Introduction to SPSS and ANOVA

Author

Michael Woller

Introduction

In this lesson, there are three primary objectives: (1) to introduce you to running ANOVAs in SPSS using syntax, (2) to look at the similarities between the different procedures one can use in SPSS for conducting ANOVA, and (3) introduce you to contrasts and how to formulate them for hypothesis testing.

We will test group differences among three groups using three SPSS procedures: one-way ANOVA, univariate ANOVA, and multivariate ANOVA (MANOVA). Note, SPSS can’t be ran natively in Quarto (how I am generating this page), so all results I am copy/pasting from SPSS output.

The Dataset

The data we are using is labeled as OneWay.sav. This data comes from a study that tested a phenomenon known as stereotype threat. Aronson et al. (1998) describe this phenomenon as when “members of the stereotyped group often feel pressure in situations where their behavior can confirm the negative reputation that their group lacks a valued ability.” One such stereotype is that females are worse at math than males.

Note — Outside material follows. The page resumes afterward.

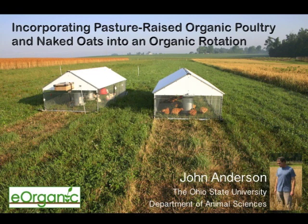I'm John Anderson from the Department of Animal Sciences at The Ohio State University. Our study is being conducted on Certified Organic Fields at the Ohio Agricultural Research and Development Center near Worcester, Ohio.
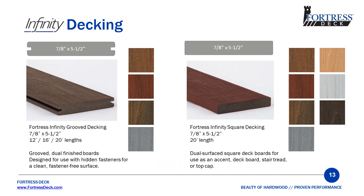Let's start with the decking. We have grooved boards for use with hidden fasteners, offered in four main colors, and they come in 12, 16, and 20-foot lengths. We also have square boards, which come in all seven colors and in 20-foot lengths. Every deck board — grooved and square — is dual surfaced, with the exotic on one side and the distressed on the other.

Females in our study were assigned to take a math test in one of three conditions:

A control group.
A condition in which they were “reminded” prior to testing of the belief that males perform better.
A condition in which they were told to read a report that refutes the stereotype prior to testing.

Stereotype threat would be evidenced if females performed worse when told that males outperform them. Here are the scores from the three groups:

Group 1	Group 2	Group 3
89	87	90
86	81	91
97	89	90
85	82	89
90	83	88
91	83	91
87	86	87
88	80	85
85	82	93
85	91	90

1. General SPSS Notes

Before running any analyses, a few things to know about SPSS syntax.

Procedures - SPSS is broken into explicit procedures, which can comprise multiple lines of code. Each procedure begins differently, but they all end with a period. That is, a period tells SPSS that you are done describing a procedure and that SPSS should use your input to run it. Think of it like a sentence. Do not forget to end each procedure with a period, or SPSS will wait for more input. Many statistical analysis software are like this, so you may be familiar with the concept.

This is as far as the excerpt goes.